You have 3 wrappers on the windows OS as an example
rundll32
svchost
runonce
Malware can choose to access the internet via say rundll32 and bypass whitelist mitigations. This flaw has stayed in place from windows 95 to today I assume for backward compatibility reasons. Its very old legacy vulnerable code, to show how old it is, Microsoft still have to keep MS-DOS 8.3 filename support enabled on C: by default because rundll32 needs it.
Microsoft windows has an excellent whitelisting tool built in called applocker, its absolutely amazing. But only works on enterprise versions of windows as microsoft consider it a "corporate" feature. It was also enabled in windows 7 ultimate, but there is no ultimate for win8 and win10. SRP does the same (remember cryptolocker which uses it?) but SRP is no longer supported by microsoft, has some unresolved bugs and is less user friendlly to use. Applocker has a wizard which will scan your app directories and auto whitelist whats there.
I personally use all of the following, I currently have no a/v installed as I consider that very obsolete and ineffective practice. Although a/v that scans emails I still consider useful so it may get reinstalled at some point (my laptop still has a/v on top of what I list here).
Registry tweaks that do the following.
Disable SMBv1
Disable NTFS encryption (anti ransomware)
Disable powershell, vb scripts etc.
Prevent dll's from non system folders overiding system dll's.
DEP default on for 32bit processes (stock is default off, DEP is enforced on all 64bit processes regardless, so yes 64bit browsers are natively more secure than 32bit browsers)
ASLR, SEHOP enabled.
Also
Secure boot enabled
Anti exploit software currently I use hitman pro alert for this.
SRP whitelisted binaries policy as well as whitelised dll's this took a fair amount of time to configure, but it makes things very difficult for attackers.
Filter outbound traffic (windows default is to allow all silently).
My network via pfsense blocks traffic to known malware control ip's, compromised domains etc.
My network via pfsense enforces DNS queries via trusted DNS servers.
Whitelisting of binaries, dlls is clearly the way forward, but the industry will resist it as the security software market is huge, if the OS becomes secure, then the likes of ESET and kaspersky go out of business.

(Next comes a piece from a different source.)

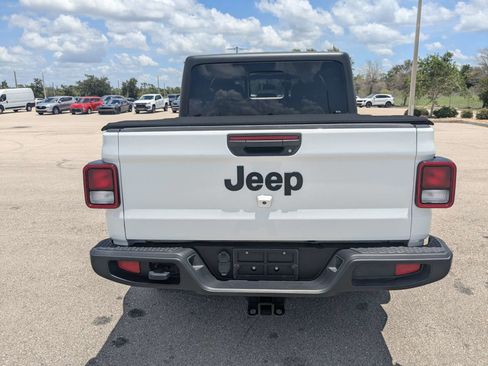 Used 2020 Jeep Gladiator Sport w/ Quick Order Package 23S AWD/4WD image 6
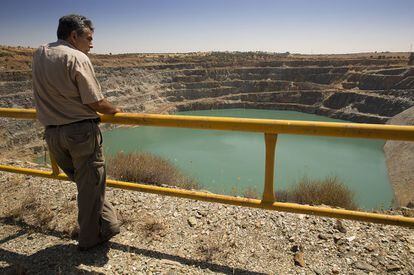 Un trabajador de la mina de Aznalcóllar, en un mirador de la corta de Los Frailes.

Even with whitelisting memory exploiting is becoming a bigger issue with every passing year, thats what exploit protection is for, the likes of DEP etc. are designed to mitigate the risk. These cpu exploits fall into this category.
Windows 10 has made some strides, Windows Defender (or whatever its called now), now implements exploit protection (based on what is in EMET), but has no proper whitelisting, which microsoft still see as a corporate only feature.
HIPS aiso an effective form of security (behaviour blocking), this is similar to what selinux does in linux. Currently windows has no native HIPS.